La nouvelle s'était répandue comme une traînée de poudre au sein des services de presse du monde entier: "Marc Almond dans un état critique à la suite d’un accident de moto". L'information laconique était suivie d'une brève biographie du chanteur évoquant un passé lointain, forcément révolu, auquel l'événement dramatique apportait un point final évident.

Ce jour-là, les médias ont enterré l'artiste avant même que l'homme n'ait pu infléchir ce destin programmé. De sa progressive revalidation, la presse en fit peu écho.

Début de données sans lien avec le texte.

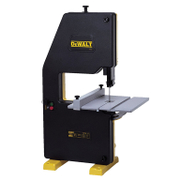 Банциг DeWALT за дърво  749 W, DW739 - product - 024 DWT 180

Un an après ce communiqué mortuaire, je retrouve, avec une surprise teintée de soulagement, le nom du chanteur sur un affiche annonçant sa venue lors du Gay Tea Dance (qui n'en a plus que le nom, l'ambiance ne débutant qu'après 22.00) du You à Bruxelles ce dimanche. Il est donc bel et bien vivant !

L'endroit s'était contenté jusqu'ici à promouvoir des tentatives de revival alimentaires et quelque peu pathétiques de gloires éphémères comme Desireless ou Samantha Fox. Cette fois, l'effort paraît bien plus louable avec l'invitation d'un vrai artiste. Statut qu’il confirmera haut-la-main dans sa courte performance scénique : 6 chansons - dont une reprise de Jacques Brel (le magnifique "Jacky", déjà présent sur son album d'hommage à notre compatriote) - pour une prestation empreinte d'un professionnalisme rôdé, d'un investissement touchant et que vient couronner une interprétation impeccable (lui n'a plus besoin de cours de chant…).

Le tout dans des conditions difficiles : ses compositions ravivent les souvenirs de la génération d'actuels trentenaires et quarantenaires, tout de même moins représentée en boîte de nuit. Pour les plus jeunes, le nom même de Marc Almond est inconnu. Certains ont sans doute dû se demander pourquoi ce petit homme avait repris « Tainted Love » (« c'était pas Soft Cell qui chantait cela?").

C'est le moment idéal du texte pour pousser un coup de gueule, sous forme du triste constat d'une certaine inculture en matière d'histoire musicale (je ne parle pas ici de la connaissance des participants aux différentes star'ac!) et du mouvement gay. Car beaucoup ignorent sans doute que Marc Almond a fait partie de cette génération de pop-stars qui, de Boy George à Jimmy Sommerville, a osé afficher son identité gay à une période (le début des années 80) moins propice à ce genre d’affirmation (quoiqu'il semble encore compliqué pour bien des artistes actuels d'oser leur coming-out). Pour ceux qui s'intéressent à l'histoire gay, un petit conseil d’achat au passage: le très intéressant « dictionnaire des cultures gays et lesbiennes » dirigé par Didier Eribon, à la fois ludique et informatif.

Fort de cette prise de conscience historique , j'accède à une émotion vive et tenace devant cette légende bien vivante, quand bien même une bonne part de son répertoire musical me demeure inconnu. Je me plais à observer cette communion d'un artiste avec ses quelques fans aux trait vieillis, qui me plonge, l'espace de quelques minutes, dans le parfum d'un passé pas si ancien, celui des dernières années pré-sida, comme une immersion soudaine dans un chapitre secret des chroniques de San Francisco.

Prendre conscience de ce qu'ont transmis nos aînés pour devenir ce que nous sommes aujourd'hui. Tous différents mais héritiers d'une même histoire.